§ **THE TASK**
This calls for a word-for-word copy of all the data, with each picture removed.

§ **INFORMATION SUPPLIED**
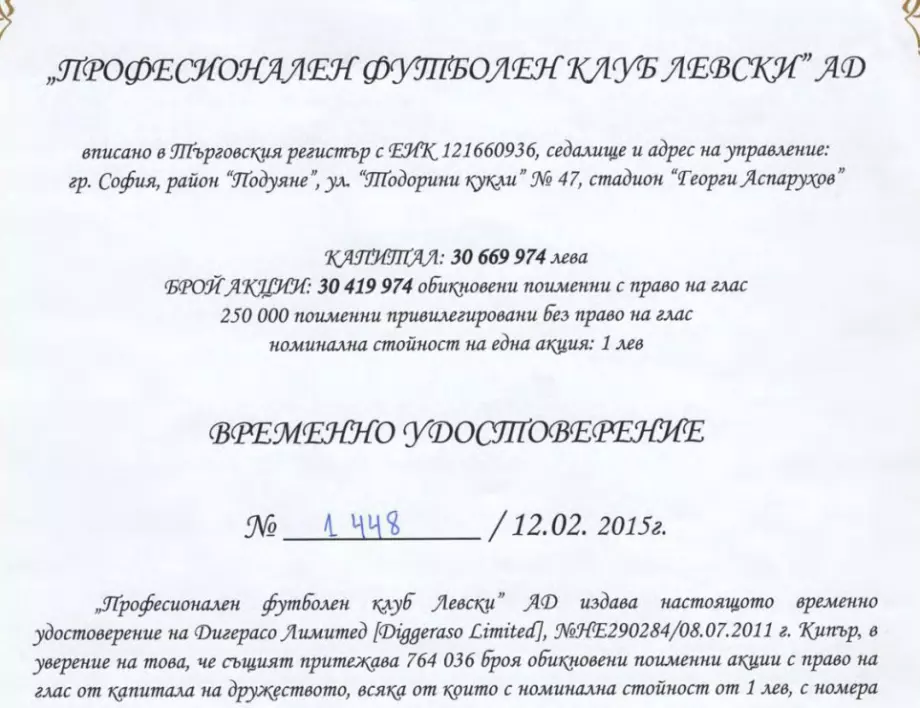 Акциите на "Левски" вече са в Павел Колев, призна Сашо Диков
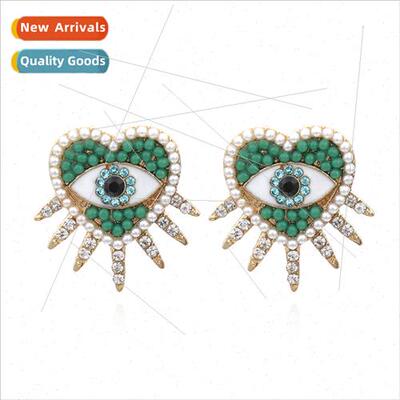 Korean new devil eye diamond earrings retro fashion rice bea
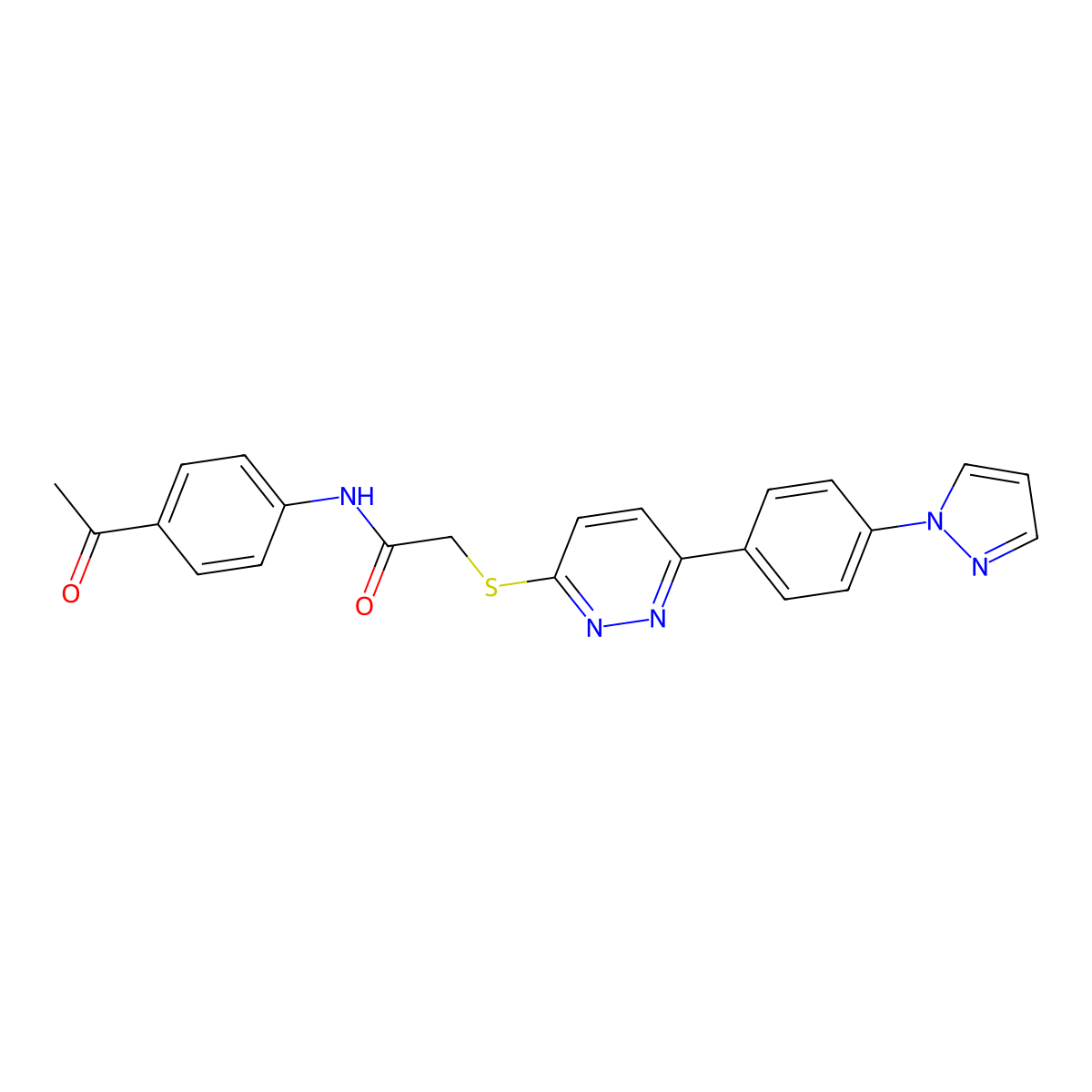 2-((6-(4-(1H-pyrazol-1-yl)phenyl)pyridazin-3-yl)thio)-N-(4-acetylphenyl)acetamide molecular structure, CAS 1019096-82-2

§ **WRITTEN SOLUTION**
 Акциите на "Левски" вече са в Павел Колев, призна Сашо Диков
 Korean new devil eye diamond earrings retro fashion rice bea
 2-((6-(4-(1H-pyrazol-1-yl)phenyl)pyridazin-3-yl)thio)-N-(4-acetylphenyl)acetamide molecular structure, CAS 1019096-82-2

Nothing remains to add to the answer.